> _Records for processing_:

==========

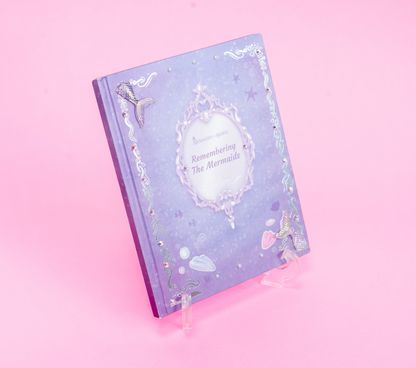 Remembering The Mermaids Story Book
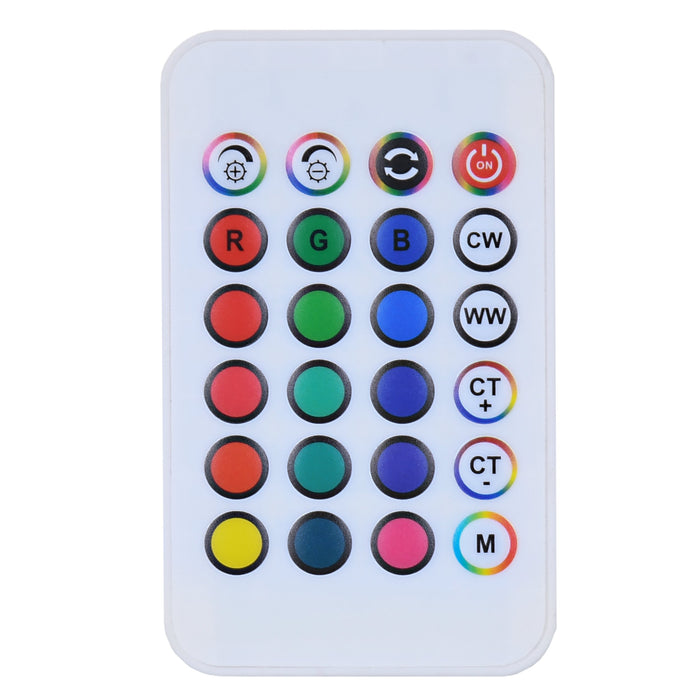 EAN 5901443122807 - Activejet AJE-CERES RGB lámpara de mesa Blanco imagen 11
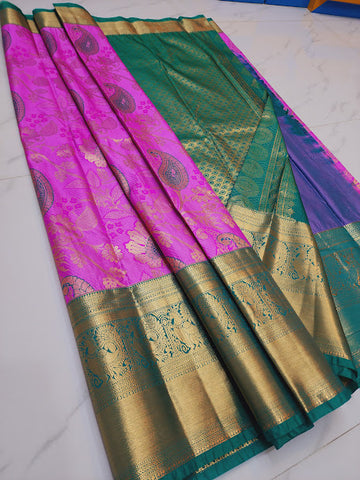 YCKMDSS05-184 Silk Saree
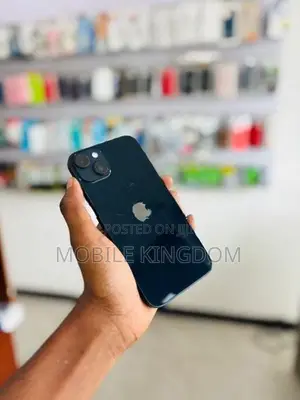 Apple iPhone 14 Plus 128GB Black Fullset (Used)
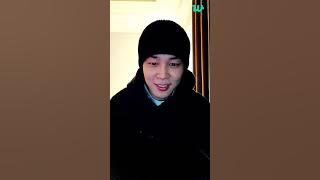 [SUB] JIMIN WEVERSE LIVE (2023.12.11) | JIMIN LIVE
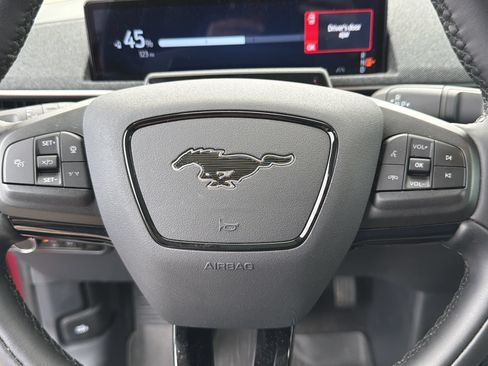 Used 2025 Ford Mustang Mach-E Premium AWD/4WD image 4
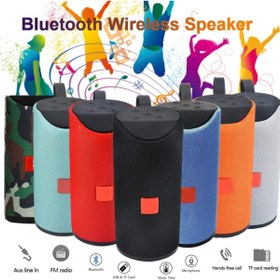 Resim Tastech Fm Radyolu Bluetooth Hoparlör Yükses Ses Extra Bass Wireless Speaker Usb/sd/aux Girişli Ses Bombası TYC0033665 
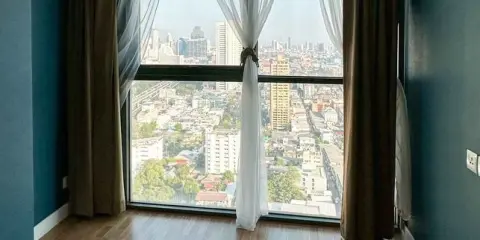 ขาย ให้เช่า Ideo Mobi Sathorn-Taksin ชั้น 30 เมือง สวยสบายตา ห้อง DUPLEX กว้างสุดๆ พร้อมแล้ว จองเลย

==========

> _What you need to do_: An exact copy of the records above is wanted, with the pictures omitted.

> _Answer to this exercise_:
 Remembering The Mermaids Story Book
 EAN 5901443122807 - Activejet AJE-CERES RGB lámpara de mesa Blanco imagen 11
 YCKMDSS05-184 Silk Saree
 Apple iPhone 14 Plus 128GB Black Fullset (Used)
 [SUB] JIMIN WEVERSE LIVE (2023.12.11) | JIMIN LIVE
 Used 2025 Ford Mustang Mach-E Premium AWD/4WD image 4
 Resim Tastech Fm Radyolu Bluetooth Hoparlör Yükses Ses Extra Bass Wireless Speaker Usb/sd/aux Girişli Ses Bombası TYC0033665 
 ขาย ให้เช่า Ideo Mobi Sathorn-Taksin ชั้น 30 เมือง สวยสบายตา ห้อง DUPLEX กว้างสุดๆ พร้อมแล้ว จองเลย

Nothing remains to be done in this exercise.